Source data: Begin

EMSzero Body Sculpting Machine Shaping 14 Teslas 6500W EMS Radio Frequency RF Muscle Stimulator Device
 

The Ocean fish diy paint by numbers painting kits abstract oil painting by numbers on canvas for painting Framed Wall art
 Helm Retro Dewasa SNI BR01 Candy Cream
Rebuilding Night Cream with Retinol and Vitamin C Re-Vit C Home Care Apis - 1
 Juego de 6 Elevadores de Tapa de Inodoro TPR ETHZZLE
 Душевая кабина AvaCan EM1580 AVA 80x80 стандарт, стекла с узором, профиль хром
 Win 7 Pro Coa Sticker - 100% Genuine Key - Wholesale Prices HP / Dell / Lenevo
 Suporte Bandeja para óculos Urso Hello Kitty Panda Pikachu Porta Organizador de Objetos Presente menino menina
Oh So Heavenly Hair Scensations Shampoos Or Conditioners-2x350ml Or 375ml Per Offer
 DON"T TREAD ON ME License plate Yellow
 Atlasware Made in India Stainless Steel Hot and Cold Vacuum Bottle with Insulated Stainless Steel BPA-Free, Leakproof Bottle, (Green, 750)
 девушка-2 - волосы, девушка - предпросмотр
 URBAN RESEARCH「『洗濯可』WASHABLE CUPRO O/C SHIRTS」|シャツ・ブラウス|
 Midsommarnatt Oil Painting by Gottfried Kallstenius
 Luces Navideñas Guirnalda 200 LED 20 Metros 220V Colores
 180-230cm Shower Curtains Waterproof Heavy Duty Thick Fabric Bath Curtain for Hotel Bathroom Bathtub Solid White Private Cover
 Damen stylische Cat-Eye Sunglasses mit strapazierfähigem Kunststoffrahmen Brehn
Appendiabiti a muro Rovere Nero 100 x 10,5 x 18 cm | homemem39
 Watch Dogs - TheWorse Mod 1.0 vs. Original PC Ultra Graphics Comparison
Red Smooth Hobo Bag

Source data: End

### Task brief
Set down each entry again, exactly as written.

### Solution for this task
EMSzero Body Sculpting Machine Shaping 14 Teslas 6500W EMS Radio Frequency RF Muscle Stimulator Device
 

The Ocean fish diy paint by numbers painting kits abstract oil painting by numbers on canvas for painting Framed Wall art
 Helm Retro Dewasa SNI BR01 Candy Cream
Rebuilding Night Cream with Retinol and Vitamin C Re-Vit C Home Care Apis - 1
 Juego de 6 Elevadores de Tapa de Inodoro TPR ETHZZLE
 Душевая кабина AvaCan EM1580 AVA 80x80 стандарт, стекла с узором, профиль хром
 Win 7 Pro Coa Sticker - 100% Genuine Key - Wholesale Prices HP / Dell / Lenevo
 Suporte Bandeja para óculos Urso Hello Kitty Panda Pikachu Porta Organizador de Objetos Presente menino menina
Oh So Heavenly Hair Scensations Shampoos Or Conditioners-2x350ml Or 375ml Per Offer
 DON"T TREAD ON ME License plate Yellow
 Atlasware Made in India Stainless Steel Hot and Cold Vacuum Bottle with Insulated Stainless Steel BPA-Free, Leakproof Bottle, (Green, 750)
 девушка-2 - волосы, девушка - предпросмотр
 URBAN RESEARCH「『洗濯可』WASHABLE CUPRO O/C SHIRTS」|シャツ・ブラウス|
 Midsommarnatt Oil Painting by Gottfried Kallstenius
 Luces Navideñas Guirnalda 200 LED 20 Metros 220V Colores
 180-230cm Shower Curtains Waterproof Heavy Duty Thick Fabric Bath Curtain for Hotel Bathroom Bathtub Solid White Private Cover
 Damen stylische Cat-Eye Sunglasses mit strapazierfähigem Kunststoffrahmen Brehn
Appendiabiti a muro Rovere Nero 100 x 10,5 x 18 cm | homemem39
 Watch Dogs - TheWorse Mod 1.0 vs. Original PC Ultra Graphics Comparison
Red Smooth Hobo Bag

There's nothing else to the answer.